The close-season was not kind to either side, with these two the most heavily-punished clubs in the latest round of match-fixing repercussions. The changes to Shenhua’s playing squad have been almost as drastic — losing big names from home and abroad, along with the tragicomic end of Yu Tao’s long Shenhua career.

Causes for Optimism…

Well, at least Shenhua have a manager this time around. While a massively-reshuffled Shenhua squad will undoubtedly take time to gel, perhaps the greatest hope lies in the points deduction leading to a siege mentality at the club. It can’t be too often that two sides face one another in the opening round of fixtures knowing that they’ll both end the day in the relegation zone come what may — an early win will provide a great incentive to kick-start a what could be a season-long game of catch-up.

… and for Concern

Any side in the world would miss Didier Drogba — just ask either of the Chelsea managers stuck making do with a hapless Fernando Torres this season. Losing young internationals who had not yet reached their peak (both Wu Xi and Feng Renliang) and replacing them with an assortment of local and foreign journeymen the wrong side of thirty speaks well of neither Shenhua’s current stature in the CSL nor their medium-term prospects of recovery. The loss of Yu Tao is a further hammer blow to both stability and club identity on the pitch, too.

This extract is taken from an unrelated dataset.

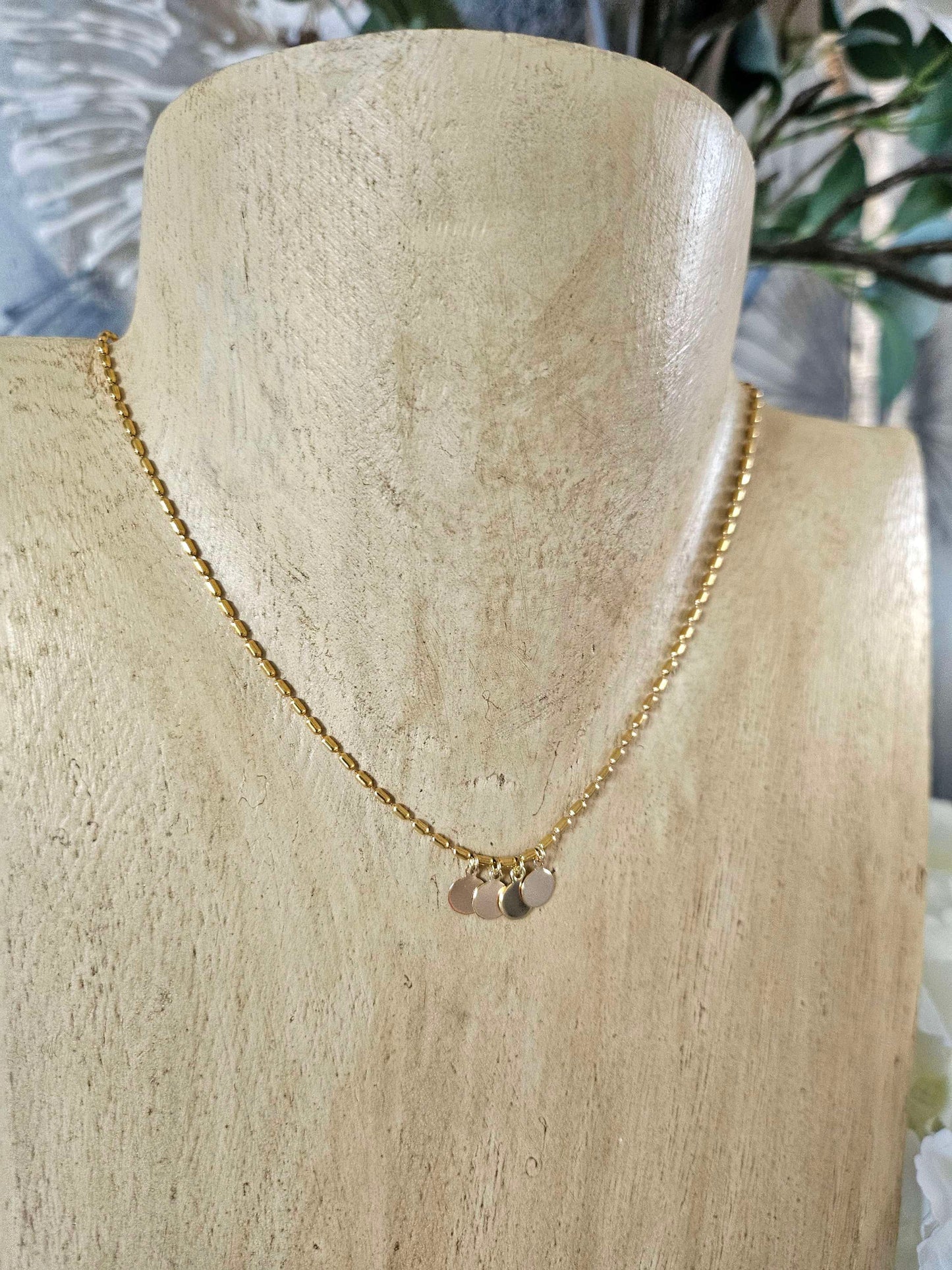 sabrine necklace in gold-plated steel – grained chain with hanging medals.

The starting lineup this Saturday is likely to contain only five (Wang Dalei, Dai Lin, Bai Jiajun, Zheng Kaimu & Gio Moreno) who could claim to be first-choice regulars in 2012. Changing more than half your starting eleven isn’t generally the way to immediate results.

Watch Out For

A number of close-season signings leave a lot of uncertainty about Shenhua’s starting eleven —  Sergio Batista would seem to be chronically short on defensive and forward cover while having a wealth of midfield options at his disposal. Just how those ball-playing midfielders are integrated into one team (are Gio Moreno and Cao Yunding mutually compatible, particularly with the capture of Xu Liang?) which could be worryingly short on width or pace is a big question.

All Hongkou eyes will be looking to Batista’s team-sheet as an indication of the brand of football to be expected this season — early close-season rumours had it that Firas Al-Khatib would buzz around as a lone frontman, but the arrival of the big Dady (6’3″ if Wikipedia is to be believed) could result in a Shenhua front two being deployed for the first time since the halcyon days of Salmeron and Riascos.

The Verdict

For added comedy value, North Terrace Preview is going to keep a running table of Shenhua’s real-life performance against their predicted league position this year.

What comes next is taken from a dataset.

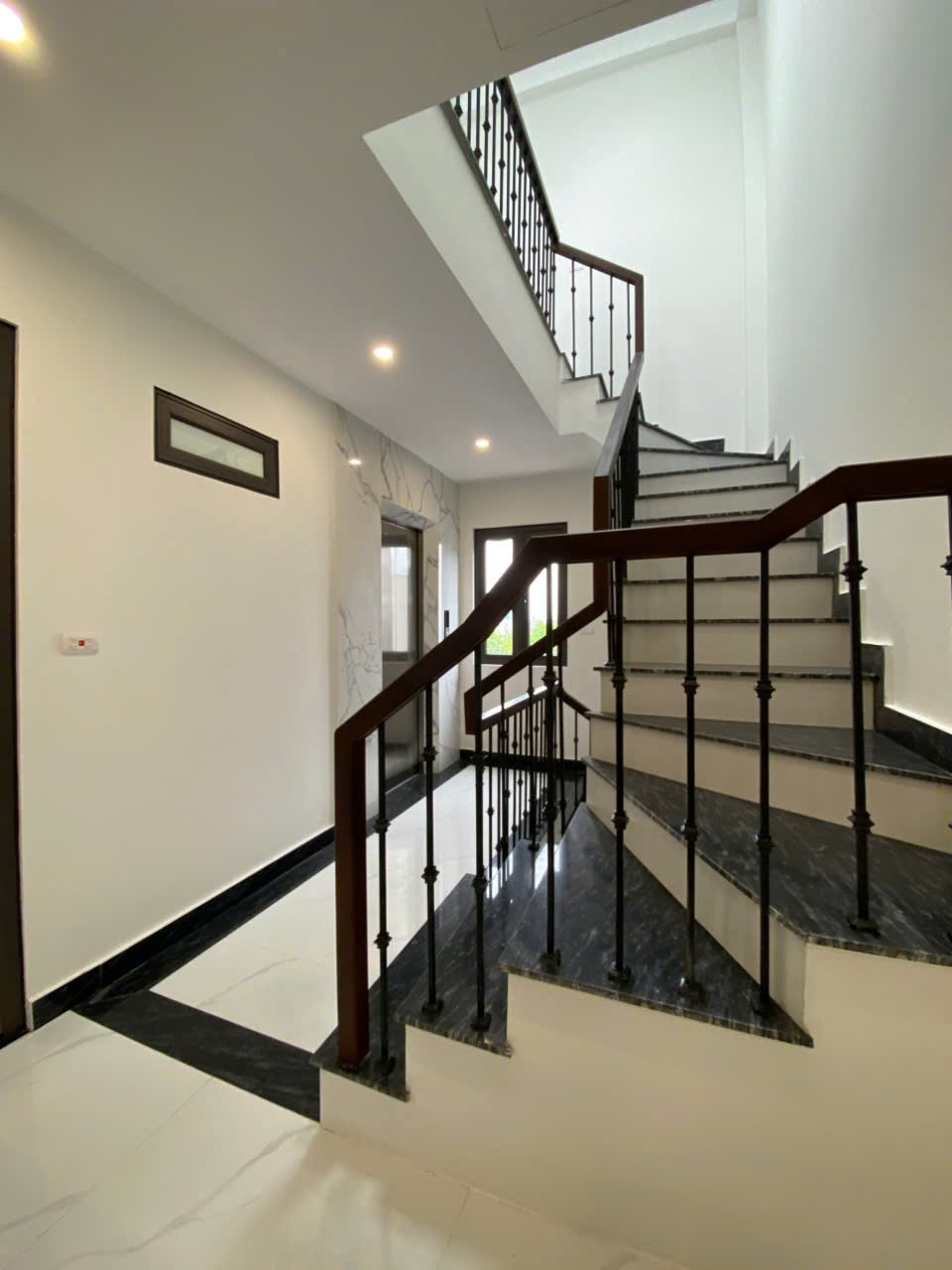 🏡 GĐ EM THEO CHỒNG VÀO NAM, CẦN BÁN NHÀ NGỌC THỤY – 6 TẦNG – THANG MÁY – Ô TÔ TRÁNH – 13.5 TỶ (TL) - Ảnh 3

As there’s obviously no table to start off with, here’s a bold prediction for the starting eleven come Saturday night: attempting to second-guess the selection policy of a man who rides garbage trucks in his free time is clearly folly, so here we go! North Terrace Preview offers a half-time beer, redeemable in person, for anyone who gets closer to reality than this.

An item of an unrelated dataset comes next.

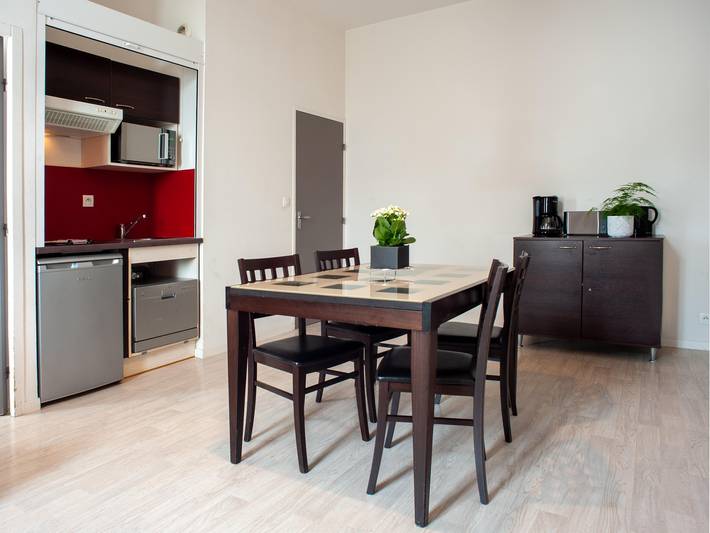 Gîte pour 4 personnes, avec piscine ainsi que terrasse et sauna, adapté aux familles à Dinan - 4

(4-2-3-1) Wang Dalei; Li Jianbin, Dai Lin, Rolando Schiavi, Bai Jiajun; Zheng Kaimu, Gio Moreno; Wang Changqing, Xu Liang, Patricio Toranzo; Firas Al-Khatib

For the prediction itself — expect this side (or one looking nothing like it), roared on by a motivated home support, to take this fixture 2-0 and lay down a marker in the upcoming relegation battle.

 

when you consider that most of Nostradamus’ predictions were actually vague nonsense, the comparison makes a lot more sense.